The state auditor of South Dakota is a constitutional officer in the executive branch of the U.S. state of South Dakota. Twenty-seven individuals have held the office of state auditor since statehood. The incumbent is Rich Sattgast, a Republican.

Powers and duties
The state auditor is the elected watchdog of state government, scrutinizing and approving the disbursement of public funds paid out of the state treasury. The state auditor exercises this constitutional authority by preauditing all claims and vouchers against the state, issuing warrants on the state treasurer, reconciling fund balances, and submitting reports on the state's financial condition to the governor, legislature, and various state agencies.

The state auditor also administers payroll for state employees. This function entails collecting payroll and withheld federal income taxes from state employees, coordinating deposits with the IRS and  Social Security Administration, filing W-2s for state employees, and auditing payroll data maintained by state agencies and over 700 political subdivisions, including counties, cities, school districts, townships, and water districts.

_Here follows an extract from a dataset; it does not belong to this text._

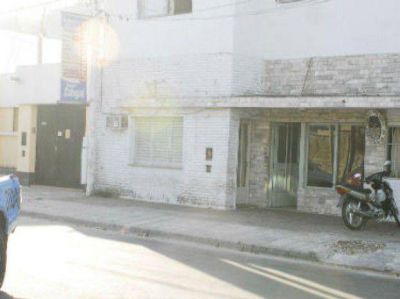 Dos hombres armados irrumpieron en una cancha de f�tbol y se llevaron dinero de empleados y clientes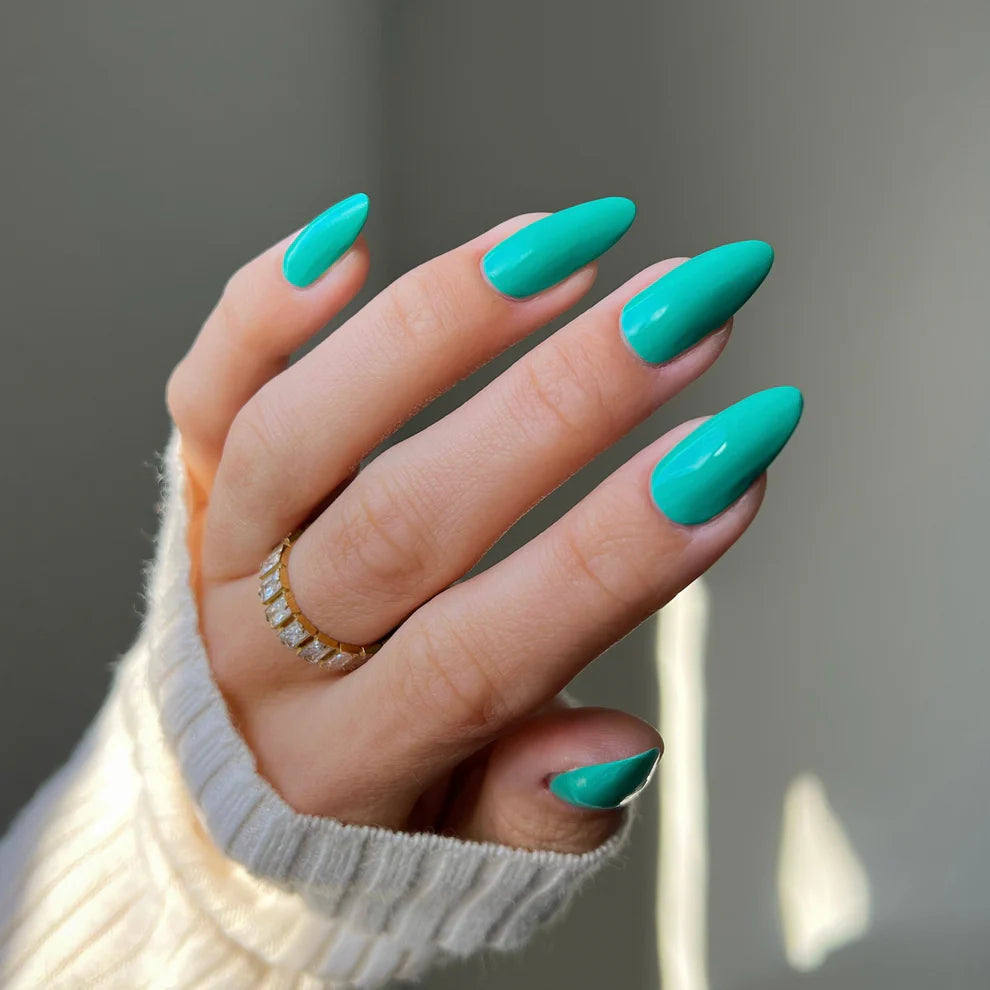DND Daisy Gel Duo - Greenwich, CN #533 - Universal Nail Supplies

In South Dakota, the state auditor does not postaudit state agencies or local governments. Financial, compliance, and performance audits of state agencies and local governments are instead the responsibility of the Department of Legislative Audit, which is led by an auditor general appointed by the legislature. Likewise, the state auditor does not maintain the state accounting system, design and enforce internal controls, or prepare the state's financial statements. Rather, these functions rest with the Bureau of Finance and Management, a division of the Department of Executive Management that also prepares and manages the state budget. Both the bureau and department are subject to the governor's direction and supervision.